Instructions for the task :: The line that contains "Produktbild: Anthology 2016-2025" marks the end: retype the data below exactly from its first line through that line.

Excerpted records ::

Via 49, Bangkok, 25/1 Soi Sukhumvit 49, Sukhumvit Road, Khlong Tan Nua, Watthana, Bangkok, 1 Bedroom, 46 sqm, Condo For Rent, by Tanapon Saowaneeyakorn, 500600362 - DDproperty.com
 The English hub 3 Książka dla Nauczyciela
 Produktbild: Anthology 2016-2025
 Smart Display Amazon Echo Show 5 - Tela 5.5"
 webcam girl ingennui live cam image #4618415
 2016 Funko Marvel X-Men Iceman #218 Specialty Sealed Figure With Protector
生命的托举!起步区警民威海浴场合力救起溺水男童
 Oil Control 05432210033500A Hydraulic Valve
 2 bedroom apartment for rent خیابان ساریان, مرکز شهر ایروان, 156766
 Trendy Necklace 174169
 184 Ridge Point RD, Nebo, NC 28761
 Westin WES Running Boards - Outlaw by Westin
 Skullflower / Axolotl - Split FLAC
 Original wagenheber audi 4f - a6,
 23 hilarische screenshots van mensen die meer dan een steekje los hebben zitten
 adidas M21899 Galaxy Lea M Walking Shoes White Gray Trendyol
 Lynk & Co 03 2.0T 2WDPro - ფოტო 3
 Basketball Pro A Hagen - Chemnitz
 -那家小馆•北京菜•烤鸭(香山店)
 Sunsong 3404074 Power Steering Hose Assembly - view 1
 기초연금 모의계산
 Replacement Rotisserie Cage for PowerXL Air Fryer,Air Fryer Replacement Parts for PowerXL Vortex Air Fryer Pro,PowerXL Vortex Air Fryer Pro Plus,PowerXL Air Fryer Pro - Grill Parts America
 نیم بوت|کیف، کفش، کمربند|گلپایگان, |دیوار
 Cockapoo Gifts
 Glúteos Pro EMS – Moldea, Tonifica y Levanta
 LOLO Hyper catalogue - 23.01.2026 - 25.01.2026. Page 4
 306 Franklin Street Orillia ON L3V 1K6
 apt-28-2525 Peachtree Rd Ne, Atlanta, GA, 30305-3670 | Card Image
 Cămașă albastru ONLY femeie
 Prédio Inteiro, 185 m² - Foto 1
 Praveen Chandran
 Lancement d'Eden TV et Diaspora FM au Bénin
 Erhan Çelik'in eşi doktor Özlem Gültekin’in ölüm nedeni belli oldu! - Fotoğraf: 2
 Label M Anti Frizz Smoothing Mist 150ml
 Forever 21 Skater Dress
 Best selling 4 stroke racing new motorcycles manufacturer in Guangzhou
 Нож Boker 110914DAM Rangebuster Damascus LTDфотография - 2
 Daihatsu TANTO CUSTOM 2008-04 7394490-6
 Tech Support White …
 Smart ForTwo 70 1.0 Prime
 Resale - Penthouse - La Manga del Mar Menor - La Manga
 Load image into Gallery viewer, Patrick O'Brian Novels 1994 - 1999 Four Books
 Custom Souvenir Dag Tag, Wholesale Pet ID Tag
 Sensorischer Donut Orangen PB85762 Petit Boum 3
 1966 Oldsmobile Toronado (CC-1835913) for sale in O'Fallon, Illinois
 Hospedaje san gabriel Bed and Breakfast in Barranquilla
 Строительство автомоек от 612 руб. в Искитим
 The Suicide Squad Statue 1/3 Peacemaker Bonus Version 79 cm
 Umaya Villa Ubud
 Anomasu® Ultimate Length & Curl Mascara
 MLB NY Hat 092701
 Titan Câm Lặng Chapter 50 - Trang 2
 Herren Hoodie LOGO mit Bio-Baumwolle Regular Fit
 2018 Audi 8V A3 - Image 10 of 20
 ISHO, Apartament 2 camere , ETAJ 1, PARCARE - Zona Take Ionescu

Problem solution ::
Via 49, Bangkok, 25/1 Soi Sukhumvit 49, Sukhumvit Road, Khlong Tan Nua, Watthana, Bangkok, 1 Bedroom, 46 sqm, Condo For Rent, by Tanapon Saowaneeyakorn, 500600362 - DDproperty.com
 The English hub 3 Książka dla Nauczyciela
 Produktbild: Anthology 2016-2025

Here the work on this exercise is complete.